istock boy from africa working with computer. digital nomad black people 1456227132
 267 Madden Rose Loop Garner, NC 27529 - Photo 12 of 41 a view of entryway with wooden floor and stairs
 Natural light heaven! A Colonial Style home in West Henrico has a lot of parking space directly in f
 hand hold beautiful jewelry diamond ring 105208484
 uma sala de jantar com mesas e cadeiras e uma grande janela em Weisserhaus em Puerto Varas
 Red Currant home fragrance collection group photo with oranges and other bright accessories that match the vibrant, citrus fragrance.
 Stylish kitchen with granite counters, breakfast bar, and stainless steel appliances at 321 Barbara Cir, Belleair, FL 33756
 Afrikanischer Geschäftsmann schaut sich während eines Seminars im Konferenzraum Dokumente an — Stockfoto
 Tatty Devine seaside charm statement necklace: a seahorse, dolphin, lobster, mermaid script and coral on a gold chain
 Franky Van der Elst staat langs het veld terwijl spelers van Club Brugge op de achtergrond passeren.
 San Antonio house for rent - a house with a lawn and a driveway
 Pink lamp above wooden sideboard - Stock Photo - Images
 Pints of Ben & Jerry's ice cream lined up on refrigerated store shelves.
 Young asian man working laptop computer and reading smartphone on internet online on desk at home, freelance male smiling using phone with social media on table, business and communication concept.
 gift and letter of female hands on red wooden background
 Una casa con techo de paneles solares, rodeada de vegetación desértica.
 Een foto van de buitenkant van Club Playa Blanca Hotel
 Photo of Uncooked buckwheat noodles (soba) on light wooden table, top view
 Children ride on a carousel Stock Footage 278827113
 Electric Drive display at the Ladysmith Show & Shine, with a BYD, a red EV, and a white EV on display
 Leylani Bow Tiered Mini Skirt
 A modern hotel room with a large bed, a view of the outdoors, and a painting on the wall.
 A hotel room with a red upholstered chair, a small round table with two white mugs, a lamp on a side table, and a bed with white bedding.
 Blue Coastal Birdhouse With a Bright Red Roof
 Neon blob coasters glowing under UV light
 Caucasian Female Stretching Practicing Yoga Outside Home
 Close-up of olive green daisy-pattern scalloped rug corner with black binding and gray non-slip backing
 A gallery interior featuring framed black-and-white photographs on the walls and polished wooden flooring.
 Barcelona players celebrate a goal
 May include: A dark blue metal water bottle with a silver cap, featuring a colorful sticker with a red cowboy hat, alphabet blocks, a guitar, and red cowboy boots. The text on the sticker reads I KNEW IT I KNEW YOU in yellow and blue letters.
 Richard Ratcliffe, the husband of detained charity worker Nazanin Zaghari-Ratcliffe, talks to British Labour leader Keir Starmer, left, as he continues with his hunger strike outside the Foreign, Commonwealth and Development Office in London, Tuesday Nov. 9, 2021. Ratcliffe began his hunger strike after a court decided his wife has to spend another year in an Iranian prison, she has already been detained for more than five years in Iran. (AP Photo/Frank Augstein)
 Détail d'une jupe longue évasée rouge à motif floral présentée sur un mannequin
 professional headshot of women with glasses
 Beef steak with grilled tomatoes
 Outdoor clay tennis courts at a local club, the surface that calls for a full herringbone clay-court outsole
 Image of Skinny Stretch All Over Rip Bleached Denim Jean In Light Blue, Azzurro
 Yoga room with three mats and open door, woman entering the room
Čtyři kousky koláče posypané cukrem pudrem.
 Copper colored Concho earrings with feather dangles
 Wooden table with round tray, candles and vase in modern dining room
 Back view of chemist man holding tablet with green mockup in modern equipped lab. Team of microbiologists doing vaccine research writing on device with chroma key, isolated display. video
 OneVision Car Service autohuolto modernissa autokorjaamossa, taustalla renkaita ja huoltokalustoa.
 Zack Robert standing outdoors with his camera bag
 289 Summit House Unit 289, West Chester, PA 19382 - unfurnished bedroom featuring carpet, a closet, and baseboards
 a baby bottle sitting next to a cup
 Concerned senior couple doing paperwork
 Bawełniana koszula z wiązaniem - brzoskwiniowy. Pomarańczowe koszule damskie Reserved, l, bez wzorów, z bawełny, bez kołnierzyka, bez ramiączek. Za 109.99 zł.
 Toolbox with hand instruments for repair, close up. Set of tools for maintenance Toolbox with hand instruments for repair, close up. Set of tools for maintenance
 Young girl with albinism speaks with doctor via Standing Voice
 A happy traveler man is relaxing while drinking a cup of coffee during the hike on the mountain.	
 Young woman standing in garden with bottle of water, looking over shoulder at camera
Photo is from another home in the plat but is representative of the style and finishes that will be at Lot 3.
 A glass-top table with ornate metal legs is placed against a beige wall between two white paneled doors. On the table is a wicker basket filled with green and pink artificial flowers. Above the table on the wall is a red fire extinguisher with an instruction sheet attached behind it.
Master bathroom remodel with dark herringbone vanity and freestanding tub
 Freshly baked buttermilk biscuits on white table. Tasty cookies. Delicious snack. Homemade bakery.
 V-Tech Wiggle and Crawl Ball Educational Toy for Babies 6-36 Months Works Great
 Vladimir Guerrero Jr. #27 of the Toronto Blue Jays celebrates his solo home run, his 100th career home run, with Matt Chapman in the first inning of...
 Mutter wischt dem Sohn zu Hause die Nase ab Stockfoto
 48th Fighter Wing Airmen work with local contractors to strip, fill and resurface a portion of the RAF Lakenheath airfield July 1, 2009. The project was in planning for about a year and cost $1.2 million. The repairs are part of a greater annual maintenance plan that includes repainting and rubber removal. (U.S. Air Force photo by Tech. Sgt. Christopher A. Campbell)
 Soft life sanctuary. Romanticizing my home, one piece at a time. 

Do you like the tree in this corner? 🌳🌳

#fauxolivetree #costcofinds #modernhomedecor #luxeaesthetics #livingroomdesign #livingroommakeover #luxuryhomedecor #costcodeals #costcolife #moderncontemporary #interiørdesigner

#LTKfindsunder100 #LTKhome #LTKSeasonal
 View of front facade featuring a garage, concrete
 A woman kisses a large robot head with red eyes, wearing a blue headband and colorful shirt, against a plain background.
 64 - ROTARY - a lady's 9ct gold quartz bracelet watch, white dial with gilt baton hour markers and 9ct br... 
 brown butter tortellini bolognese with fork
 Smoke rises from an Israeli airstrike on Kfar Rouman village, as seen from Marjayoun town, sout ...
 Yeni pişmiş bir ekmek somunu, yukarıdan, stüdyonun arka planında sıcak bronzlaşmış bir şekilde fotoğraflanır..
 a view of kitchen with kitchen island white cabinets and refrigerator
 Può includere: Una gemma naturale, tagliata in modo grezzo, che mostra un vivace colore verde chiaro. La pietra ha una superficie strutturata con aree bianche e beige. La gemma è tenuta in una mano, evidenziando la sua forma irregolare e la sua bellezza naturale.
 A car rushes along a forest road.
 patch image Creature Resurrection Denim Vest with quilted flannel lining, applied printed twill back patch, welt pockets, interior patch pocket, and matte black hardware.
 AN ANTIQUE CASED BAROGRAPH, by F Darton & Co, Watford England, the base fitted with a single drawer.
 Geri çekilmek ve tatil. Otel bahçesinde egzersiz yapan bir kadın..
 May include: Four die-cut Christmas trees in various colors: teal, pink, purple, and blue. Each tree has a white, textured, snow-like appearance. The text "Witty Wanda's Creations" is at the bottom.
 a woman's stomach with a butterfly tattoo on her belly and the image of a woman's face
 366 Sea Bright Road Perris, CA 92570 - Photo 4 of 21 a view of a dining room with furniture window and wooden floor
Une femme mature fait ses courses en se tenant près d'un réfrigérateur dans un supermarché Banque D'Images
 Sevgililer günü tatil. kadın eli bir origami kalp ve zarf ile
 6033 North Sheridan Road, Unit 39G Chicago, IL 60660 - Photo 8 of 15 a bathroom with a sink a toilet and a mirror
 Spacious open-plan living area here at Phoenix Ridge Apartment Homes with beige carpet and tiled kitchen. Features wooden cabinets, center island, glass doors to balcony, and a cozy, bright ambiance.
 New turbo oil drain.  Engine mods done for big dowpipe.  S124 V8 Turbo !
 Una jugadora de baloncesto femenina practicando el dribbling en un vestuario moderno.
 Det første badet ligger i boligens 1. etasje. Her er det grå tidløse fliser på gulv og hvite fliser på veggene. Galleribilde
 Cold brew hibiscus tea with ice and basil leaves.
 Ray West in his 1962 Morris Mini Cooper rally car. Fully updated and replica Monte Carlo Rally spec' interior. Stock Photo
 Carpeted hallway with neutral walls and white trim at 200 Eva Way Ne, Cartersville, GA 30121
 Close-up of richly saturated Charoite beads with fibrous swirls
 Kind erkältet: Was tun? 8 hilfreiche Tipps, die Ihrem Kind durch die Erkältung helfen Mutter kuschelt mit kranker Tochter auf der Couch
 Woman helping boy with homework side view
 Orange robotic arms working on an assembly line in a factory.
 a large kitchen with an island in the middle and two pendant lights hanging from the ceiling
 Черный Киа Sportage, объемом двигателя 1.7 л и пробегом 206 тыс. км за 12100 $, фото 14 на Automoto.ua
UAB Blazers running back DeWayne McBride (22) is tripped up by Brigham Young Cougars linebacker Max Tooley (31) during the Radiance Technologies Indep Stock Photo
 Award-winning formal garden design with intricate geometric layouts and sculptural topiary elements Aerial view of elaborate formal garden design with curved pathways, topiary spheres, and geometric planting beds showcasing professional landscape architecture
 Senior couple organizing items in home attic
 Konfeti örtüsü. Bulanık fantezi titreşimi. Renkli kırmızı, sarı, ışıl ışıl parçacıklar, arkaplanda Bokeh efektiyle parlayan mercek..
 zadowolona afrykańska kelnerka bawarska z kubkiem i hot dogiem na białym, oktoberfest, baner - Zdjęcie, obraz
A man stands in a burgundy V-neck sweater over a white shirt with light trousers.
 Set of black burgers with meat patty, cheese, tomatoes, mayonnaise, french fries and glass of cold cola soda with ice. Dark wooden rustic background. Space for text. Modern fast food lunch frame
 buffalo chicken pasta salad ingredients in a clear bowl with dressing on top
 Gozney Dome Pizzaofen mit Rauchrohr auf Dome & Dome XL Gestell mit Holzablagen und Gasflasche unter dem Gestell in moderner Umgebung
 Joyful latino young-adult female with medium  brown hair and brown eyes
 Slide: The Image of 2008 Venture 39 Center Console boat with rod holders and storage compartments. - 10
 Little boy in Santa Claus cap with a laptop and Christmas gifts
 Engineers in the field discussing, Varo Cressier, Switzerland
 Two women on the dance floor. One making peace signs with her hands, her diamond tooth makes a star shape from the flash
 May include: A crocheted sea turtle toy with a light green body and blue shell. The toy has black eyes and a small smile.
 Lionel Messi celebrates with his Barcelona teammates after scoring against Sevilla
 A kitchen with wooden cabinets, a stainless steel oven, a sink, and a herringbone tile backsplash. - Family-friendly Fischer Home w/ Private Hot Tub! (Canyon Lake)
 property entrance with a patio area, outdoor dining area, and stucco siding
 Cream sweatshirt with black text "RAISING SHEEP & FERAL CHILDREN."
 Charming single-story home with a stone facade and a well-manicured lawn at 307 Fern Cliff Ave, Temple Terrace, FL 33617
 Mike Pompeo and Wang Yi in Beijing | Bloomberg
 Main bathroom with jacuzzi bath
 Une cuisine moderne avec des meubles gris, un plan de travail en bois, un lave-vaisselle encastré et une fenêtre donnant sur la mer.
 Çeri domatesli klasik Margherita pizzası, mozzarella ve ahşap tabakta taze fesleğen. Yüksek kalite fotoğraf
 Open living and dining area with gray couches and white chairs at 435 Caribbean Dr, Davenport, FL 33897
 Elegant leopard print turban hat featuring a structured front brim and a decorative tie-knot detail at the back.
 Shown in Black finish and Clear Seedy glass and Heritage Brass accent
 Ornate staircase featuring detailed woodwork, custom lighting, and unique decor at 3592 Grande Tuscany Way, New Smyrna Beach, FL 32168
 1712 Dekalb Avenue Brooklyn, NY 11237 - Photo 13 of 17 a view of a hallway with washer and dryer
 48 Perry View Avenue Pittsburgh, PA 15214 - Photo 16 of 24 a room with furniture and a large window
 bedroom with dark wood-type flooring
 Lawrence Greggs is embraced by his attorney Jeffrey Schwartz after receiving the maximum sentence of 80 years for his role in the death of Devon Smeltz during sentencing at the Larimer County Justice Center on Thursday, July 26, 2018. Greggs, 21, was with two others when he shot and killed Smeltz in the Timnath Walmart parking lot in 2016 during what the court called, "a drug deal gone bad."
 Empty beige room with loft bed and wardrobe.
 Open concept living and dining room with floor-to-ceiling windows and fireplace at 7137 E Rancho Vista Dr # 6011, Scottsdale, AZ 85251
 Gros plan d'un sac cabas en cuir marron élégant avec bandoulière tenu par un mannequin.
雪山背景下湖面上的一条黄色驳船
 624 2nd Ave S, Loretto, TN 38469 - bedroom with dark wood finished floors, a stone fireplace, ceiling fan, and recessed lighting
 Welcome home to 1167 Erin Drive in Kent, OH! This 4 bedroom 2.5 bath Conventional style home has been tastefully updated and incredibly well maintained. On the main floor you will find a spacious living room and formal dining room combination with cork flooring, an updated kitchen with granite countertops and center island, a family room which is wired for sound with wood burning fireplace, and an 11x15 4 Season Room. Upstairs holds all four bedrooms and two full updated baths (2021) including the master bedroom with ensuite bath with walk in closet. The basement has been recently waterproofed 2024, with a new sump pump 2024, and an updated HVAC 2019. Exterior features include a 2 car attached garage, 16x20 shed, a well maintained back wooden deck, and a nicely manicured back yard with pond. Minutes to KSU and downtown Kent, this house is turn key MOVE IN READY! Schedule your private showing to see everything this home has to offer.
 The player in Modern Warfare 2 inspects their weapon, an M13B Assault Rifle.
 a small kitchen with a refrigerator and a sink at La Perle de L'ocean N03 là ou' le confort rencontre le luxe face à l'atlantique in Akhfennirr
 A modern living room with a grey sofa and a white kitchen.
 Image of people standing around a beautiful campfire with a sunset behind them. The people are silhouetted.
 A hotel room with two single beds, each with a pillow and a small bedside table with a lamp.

--------------------------------

Please output the lines of the listing above that fall in the stretch from the one with "Leylani Bow Tiered Mini Skirt" through the one with "Neon blob coasters glowing under UV light", exactly and only those.

 Leylani Bow Tiered Mini Skirt
 A modern hotel room with a large bed, a view of the outdoors, and a painting on the wall.
 A hotel room with a red upholstered chair, a small round table with two white mugs, a lamp on a side table, and a bed with white bedding.
 Blue Coastal Birdhouse With a Bright Red Roof
 Neon blob coasters glowing under UV light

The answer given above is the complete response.